# tidying up the wcag dataset

Recently there was a new data set, and I got excited. It is the web content accessibility guidelines as a structured JSON document this notebook tidied up that data and explores how it can be used with a testing system like playwright.

In [1]:
import requests, requests_cache
requests_cache.install_cache("xxx")

shell.display_formatter.formatters["text/html"].for_type(
    __import__("bs4").Tag, str
);

def tag(name="section", *children, **attrs):
    import bs4
    tag = bs4.Tag(name=name, attrs=attrs)
    tag.extend(children)
    return tag

def parse(object):
    return tag(
        "section", *__import__("bs4").BeautifulSoup(object, features="lxml").body.children
    )

In [2]:
%%
load in the new dataset referenced in [this readme](https://github.com/w3c/wcag/tree/main/11ty/json#readme())

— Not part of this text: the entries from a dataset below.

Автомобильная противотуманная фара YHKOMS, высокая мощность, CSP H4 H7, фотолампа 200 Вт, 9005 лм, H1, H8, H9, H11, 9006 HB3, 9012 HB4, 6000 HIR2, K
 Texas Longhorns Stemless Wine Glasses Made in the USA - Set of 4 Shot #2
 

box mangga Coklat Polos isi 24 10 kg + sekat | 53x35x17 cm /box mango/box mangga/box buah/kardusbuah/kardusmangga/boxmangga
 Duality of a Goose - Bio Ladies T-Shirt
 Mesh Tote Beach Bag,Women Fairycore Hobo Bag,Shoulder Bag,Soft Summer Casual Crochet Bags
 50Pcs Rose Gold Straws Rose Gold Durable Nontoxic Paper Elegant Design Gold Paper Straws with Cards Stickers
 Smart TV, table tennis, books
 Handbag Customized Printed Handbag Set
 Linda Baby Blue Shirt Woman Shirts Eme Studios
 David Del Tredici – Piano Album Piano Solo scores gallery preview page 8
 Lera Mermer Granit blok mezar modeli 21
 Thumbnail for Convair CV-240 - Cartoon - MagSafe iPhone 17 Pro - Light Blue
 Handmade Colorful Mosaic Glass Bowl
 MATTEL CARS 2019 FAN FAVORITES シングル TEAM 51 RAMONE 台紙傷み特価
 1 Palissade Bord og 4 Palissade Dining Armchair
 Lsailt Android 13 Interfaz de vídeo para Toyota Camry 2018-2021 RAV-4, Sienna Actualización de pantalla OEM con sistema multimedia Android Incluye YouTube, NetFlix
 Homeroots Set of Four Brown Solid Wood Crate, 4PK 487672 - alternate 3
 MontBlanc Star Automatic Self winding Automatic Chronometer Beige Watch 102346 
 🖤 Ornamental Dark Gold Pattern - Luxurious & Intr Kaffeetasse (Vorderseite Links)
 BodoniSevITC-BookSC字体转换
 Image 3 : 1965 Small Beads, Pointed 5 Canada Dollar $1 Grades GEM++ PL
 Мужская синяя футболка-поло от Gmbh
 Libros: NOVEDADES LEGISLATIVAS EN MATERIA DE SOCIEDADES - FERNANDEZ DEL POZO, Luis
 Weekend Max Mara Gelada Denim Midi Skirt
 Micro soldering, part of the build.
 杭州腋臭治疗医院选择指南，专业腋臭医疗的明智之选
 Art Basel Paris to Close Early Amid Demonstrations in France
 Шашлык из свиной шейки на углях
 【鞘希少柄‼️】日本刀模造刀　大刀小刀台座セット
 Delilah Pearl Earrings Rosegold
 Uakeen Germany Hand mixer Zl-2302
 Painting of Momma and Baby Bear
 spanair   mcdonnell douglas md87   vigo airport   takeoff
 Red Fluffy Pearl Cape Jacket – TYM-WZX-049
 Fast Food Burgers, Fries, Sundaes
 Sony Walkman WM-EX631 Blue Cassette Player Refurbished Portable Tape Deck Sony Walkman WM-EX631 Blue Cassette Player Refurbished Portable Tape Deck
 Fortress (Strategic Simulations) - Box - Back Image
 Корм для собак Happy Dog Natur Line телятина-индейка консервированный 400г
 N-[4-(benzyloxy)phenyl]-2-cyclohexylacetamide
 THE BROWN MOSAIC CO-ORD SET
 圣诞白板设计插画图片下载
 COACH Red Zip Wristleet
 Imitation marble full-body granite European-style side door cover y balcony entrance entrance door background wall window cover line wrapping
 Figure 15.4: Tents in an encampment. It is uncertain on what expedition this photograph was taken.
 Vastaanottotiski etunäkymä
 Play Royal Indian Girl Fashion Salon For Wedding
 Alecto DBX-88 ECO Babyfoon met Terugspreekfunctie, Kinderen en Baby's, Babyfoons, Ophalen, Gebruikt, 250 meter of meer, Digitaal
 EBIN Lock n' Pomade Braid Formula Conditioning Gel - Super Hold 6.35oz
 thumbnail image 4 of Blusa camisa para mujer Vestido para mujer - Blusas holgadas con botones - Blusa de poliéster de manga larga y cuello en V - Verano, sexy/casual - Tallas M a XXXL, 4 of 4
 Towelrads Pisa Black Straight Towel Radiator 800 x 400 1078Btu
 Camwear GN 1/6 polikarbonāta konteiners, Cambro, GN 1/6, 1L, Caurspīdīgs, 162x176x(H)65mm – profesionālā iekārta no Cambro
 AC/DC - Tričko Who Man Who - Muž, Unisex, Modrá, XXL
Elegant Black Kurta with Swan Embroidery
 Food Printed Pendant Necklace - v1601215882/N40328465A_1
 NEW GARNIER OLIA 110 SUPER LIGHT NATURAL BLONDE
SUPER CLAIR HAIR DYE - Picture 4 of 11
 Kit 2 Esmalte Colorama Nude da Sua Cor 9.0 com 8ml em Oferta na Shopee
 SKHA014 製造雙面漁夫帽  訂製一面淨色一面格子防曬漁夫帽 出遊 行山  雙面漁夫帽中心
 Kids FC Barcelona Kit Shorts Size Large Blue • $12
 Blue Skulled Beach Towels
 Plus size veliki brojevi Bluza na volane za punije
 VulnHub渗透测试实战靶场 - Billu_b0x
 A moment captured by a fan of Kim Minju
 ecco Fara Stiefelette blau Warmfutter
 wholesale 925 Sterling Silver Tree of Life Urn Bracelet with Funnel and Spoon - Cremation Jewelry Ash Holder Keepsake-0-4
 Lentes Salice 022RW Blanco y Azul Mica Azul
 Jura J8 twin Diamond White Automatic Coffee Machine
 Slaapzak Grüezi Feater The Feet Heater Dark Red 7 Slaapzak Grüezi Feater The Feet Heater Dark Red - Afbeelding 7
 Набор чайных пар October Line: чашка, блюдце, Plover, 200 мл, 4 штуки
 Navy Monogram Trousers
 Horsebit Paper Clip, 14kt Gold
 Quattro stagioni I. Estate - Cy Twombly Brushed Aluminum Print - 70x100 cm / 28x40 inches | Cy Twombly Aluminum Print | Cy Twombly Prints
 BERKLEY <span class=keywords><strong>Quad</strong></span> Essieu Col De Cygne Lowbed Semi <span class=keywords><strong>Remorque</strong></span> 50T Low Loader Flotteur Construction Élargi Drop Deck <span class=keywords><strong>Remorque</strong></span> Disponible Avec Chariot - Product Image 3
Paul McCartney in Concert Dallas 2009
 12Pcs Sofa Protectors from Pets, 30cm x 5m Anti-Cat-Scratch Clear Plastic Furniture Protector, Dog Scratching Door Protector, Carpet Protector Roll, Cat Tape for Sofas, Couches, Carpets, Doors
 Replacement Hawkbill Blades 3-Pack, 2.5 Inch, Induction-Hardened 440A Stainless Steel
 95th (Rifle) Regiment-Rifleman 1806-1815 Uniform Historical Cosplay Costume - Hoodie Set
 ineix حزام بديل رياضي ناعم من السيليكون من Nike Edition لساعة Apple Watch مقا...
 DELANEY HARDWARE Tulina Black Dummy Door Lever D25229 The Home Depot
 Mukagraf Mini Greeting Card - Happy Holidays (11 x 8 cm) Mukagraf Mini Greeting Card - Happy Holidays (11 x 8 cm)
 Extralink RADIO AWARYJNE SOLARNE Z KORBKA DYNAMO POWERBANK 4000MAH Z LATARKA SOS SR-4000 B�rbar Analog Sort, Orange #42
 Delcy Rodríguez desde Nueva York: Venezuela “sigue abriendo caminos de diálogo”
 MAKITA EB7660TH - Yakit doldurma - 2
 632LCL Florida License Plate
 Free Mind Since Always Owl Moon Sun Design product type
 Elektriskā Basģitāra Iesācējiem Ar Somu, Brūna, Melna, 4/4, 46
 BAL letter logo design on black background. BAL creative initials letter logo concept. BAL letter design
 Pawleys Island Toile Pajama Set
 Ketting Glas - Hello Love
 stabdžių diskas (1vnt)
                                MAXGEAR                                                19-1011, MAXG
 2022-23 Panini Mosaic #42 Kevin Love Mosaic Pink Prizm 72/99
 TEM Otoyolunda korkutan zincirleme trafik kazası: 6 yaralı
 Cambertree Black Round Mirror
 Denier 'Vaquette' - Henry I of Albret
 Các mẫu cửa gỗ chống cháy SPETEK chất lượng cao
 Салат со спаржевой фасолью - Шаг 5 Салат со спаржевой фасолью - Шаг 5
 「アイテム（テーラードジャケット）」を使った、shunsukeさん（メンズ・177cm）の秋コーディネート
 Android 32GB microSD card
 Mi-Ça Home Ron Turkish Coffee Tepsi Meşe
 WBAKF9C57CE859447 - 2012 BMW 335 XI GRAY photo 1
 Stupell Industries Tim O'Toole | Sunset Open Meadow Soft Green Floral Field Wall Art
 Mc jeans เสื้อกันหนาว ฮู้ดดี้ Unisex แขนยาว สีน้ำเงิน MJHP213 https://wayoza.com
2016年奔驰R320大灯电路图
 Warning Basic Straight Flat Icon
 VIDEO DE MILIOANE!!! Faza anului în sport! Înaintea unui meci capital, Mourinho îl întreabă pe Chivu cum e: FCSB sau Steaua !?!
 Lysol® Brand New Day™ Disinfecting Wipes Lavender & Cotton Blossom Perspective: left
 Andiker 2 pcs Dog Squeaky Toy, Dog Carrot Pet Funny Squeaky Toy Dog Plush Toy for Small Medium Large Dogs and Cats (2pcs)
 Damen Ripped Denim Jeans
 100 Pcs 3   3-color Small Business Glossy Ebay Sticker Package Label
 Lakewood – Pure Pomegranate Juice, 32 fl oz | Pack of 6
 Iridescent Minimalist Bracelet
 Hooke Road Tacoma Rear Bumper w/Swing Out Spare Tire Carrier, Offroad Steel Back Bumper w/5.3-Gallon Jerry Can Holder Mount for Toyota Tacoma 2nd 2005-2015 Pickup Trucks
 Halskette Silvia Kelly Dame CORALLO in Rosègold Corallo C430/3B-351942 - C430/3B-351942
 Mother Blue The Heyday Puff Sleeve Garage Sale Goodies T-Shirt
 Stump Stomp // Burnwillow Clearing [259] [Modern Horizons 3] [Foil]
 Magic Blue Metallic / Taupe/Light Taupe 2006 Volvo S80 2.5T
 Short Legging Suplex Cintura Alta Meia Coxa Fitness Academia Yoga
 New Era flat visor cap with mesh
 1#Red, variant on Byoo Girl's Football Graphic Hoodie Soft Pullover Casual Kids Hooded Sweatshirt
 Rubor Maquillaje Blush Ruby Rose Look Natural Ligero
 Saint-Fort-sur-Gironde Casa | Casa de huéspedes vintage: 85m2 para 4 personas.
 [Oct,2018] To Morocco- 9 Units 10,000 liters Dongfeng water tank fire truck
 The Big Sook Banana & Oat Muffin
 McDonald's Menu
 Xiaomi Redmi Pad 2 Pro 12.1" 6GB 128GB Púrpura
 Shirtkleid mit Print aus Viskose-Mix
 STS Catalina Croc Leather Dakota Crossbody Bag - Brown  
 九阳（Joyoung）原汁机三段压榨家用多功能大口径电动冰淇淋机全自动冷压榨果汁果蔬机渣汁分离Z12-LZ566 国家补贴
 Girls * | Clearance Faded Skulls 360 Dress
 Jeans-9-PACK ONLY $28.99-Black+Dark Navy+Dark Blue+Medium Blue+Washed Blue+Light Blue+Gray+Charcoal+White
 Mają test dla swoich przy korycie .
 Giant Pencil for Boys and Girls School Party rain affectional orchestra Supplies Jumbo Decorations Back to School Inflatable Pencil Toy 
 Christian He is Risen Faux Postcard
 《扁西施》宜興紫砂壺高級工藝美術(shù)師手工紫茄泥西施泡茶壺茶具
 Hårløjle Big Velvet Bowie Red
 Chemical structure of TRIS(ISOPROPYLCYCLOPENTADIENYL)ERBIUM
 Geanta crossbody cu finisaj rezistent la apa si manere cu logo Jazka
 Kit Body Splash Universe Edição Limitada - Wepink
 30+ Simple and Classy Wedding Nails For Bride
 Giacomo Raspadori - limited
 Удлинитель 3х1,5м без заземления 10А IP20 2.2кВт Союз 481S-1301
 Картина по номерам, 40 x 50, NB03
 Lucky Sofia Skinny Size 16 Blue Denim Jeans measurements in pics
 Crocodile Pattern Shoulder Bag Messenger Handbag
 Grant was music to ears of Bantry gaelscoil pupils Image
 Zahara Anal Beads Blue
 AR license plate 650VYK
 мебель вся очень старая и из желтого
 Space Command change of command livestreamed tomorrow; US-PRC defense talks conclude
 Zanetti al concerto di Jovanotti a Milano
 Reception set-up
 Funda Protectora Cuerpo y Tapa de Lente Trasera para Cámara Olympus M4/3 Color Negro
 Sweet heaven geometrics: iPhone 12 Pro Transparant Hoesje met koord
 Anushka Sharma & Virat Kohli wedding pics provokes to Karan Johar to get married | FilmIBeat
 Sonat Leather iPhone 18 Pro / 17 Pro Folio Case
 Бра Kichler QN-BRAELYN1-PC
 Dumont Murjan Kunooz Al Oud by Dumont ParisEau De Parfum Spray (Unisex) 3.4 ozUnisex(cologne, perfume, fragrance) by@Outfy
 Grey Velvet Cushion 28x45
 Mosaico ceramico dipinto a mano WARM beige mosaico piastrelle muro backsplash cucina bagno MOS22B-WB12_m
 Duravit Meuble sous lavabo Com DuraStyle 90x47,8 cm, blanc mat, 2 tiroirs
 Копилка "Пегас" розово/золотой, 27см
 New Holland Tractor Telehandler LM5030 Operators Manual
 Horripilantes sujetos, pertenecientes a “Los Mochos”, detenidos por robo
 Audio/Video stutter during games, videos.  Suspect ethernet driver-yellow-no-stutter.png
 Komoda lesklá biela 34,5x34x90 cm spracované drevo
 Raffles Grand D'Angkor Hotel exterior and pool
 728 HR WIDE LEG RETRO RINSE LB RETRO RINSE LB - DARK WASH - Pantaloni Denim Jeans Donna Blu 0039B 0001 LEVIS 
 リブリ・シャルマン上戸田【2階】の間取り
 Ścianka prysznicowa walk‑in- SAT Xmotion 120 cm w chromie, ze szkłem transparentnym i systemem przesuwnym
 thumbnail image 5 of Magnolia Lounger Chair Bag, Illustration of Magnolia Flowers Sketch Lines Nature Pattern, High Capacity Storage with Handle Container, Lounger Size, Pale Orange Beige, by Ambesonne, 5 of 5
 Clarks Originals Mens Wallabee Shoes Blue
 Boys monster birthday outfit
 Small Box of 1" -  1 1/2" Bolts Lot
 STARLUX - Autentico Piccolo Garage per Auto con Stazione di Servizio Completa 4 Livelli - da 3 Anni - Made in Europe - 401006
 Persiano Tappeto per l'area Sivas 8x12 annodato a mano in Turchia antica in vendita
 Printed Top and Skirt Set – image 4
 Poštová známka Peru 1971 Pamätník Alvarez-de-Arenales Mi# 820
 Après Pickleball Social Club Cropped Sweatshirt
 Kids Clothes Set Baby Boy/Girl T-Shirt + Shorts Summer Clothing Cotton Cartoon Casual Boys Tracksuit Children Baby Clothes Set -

    wcag = Series(requests.get("https://www.w3.org/WAI/WCAG22/wcag.json").json())

In [3]:
%%
## structuring the terms for ourselves as a definition list

{{dl}}

    terms = wcag.loc[["terms"]].explode().apply(Series)
    dl = tag("dl", *terms.apply(
        lambda x: [
            tag("dt", x["name"], id=x.id),
            tag("dd", *parse(x["definition"]).children),    
        ],
        axis=1
    ).explode())

In [11]:
%%
## unraveling the wcag `principles`

    principles = wcag.loc[["principles"]].explode().apply(Series).rename(
        columns=dict(num="principle")
    ).set_index("principle")
    guidelines = principles.pop("guidelines").explode().apply(Series).rename(
        columns=dict(num="guideline")
    ).set_index("guideline", append=True)
    success = guidelines.pop("successcriteria")    
    criteria = success.explode().apply(Series).rename(
        columns=dict(num="criteria")
    ).set_index("criteria", append=True)
    
    techniques = criteria.pop("techniques").apply(Series)
    sufficientNote = techniques.pop("sufficientNote")

### thoughts about the schema after unpacking it

* maybe its worth posting an issue or looking for a schema about this dataset.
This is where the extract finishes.